After Bonham’s death, years went by and all the occult chatter faded into the mist. Robert Plant embarked on a successful solo career while Jimmy Page and bassist John Paul Jones flickered in and out of public view. In 2003, 23 years after Zeppelin disbanded, the surviving members released a DVD full of never before seen live performances from the 1970s, at the zenith of the band’s popularity. As a devoted fan, I rushed down to buy the compilation DVD in the now obsolete format and carefully watched it from beginning to end.
I was especially enamored with a performance of “Stairway” from Earl’s Court in London in 1975. One night, I selected the video track and watched it again, sober as a judge. The performance fades in from black, then a blue light hits Jimmy Page and his double-neck Gibson guitar and for a moment, I saw a glimpse of something I couldn’t explain. Jimmy looked otherworldly. Like a deity, a sorcerer, an angel with a broken wing. All the rumors came rushing back and for that split second, I thought, “Maybe what was said all those years ago was true.” I’ve included the performance here for you. The moment occurs at 0:17 right at the beginning notes of the song. I’ll let you decide.

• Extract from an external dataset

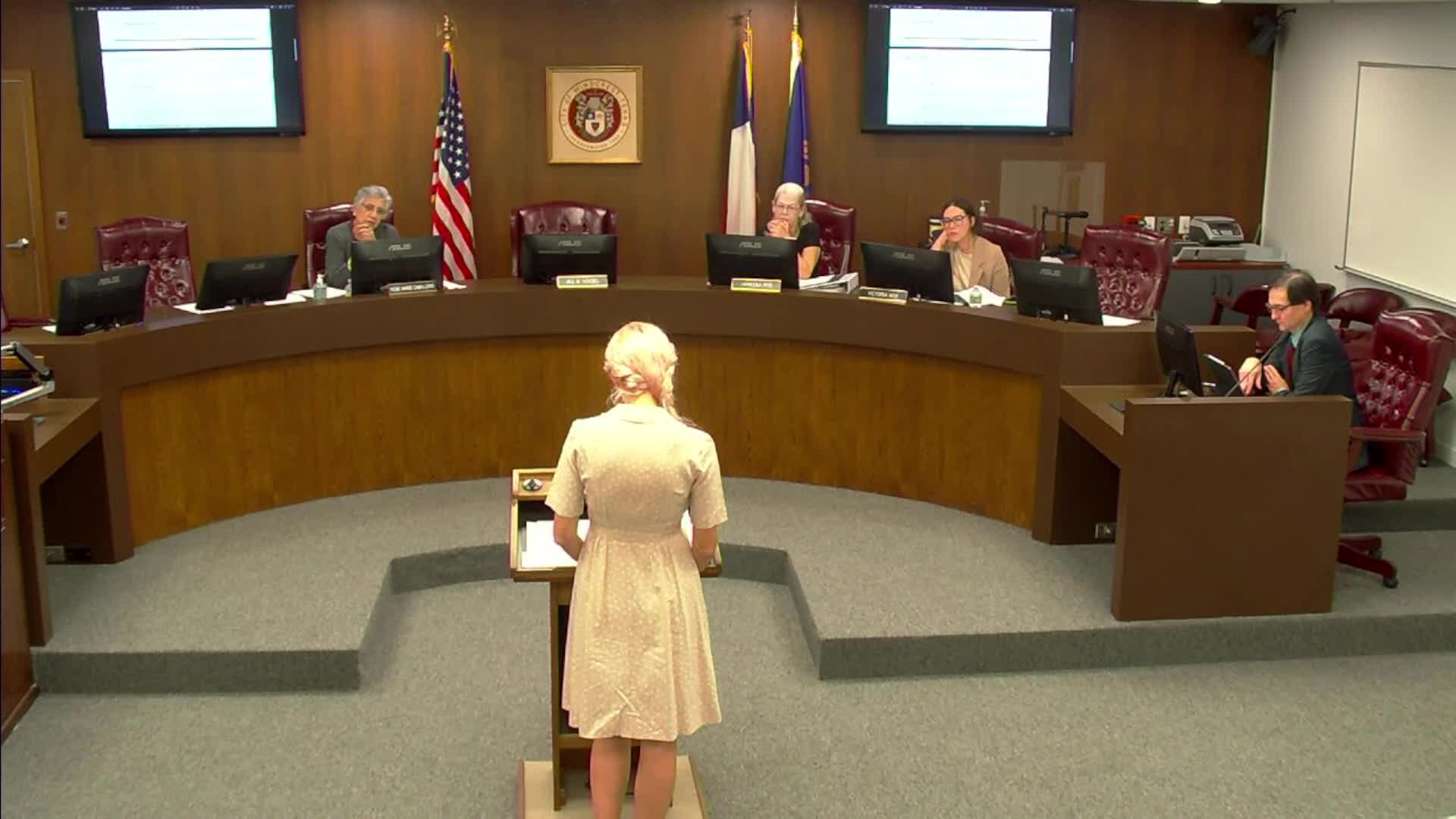 City Attorney advises council to rebid kennel services RFP amid complaints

In retrospect, the 1971 Mustang was the product of another kind of magic. Designers in a now-bygone Detroit were allowed to run free with scant oversight from committees, focus groups, or HR departments. The late sixties and early seventies saw some of the coolest automotive sketches ever produced come to fruition. The 1971-73 Mustang has aged remarkably well, not only the fastback but the coupe and convertible as well.
In fact, this era of Mustang has really grown on me, and dare I say, I prefer it to earlier vintage ponies. Compared to a brand-new Mustang, the 1971-73 model is downright dainty. Everything is relative and the photo below makes one wonder what all the fuss was about. Led Zeppelin was misunderstood as well, but now even the most diehard skeptics admit the band and its repertoire were probably rock and roll’s greatest achievement. Redemption is always sweet, too bad it took so long.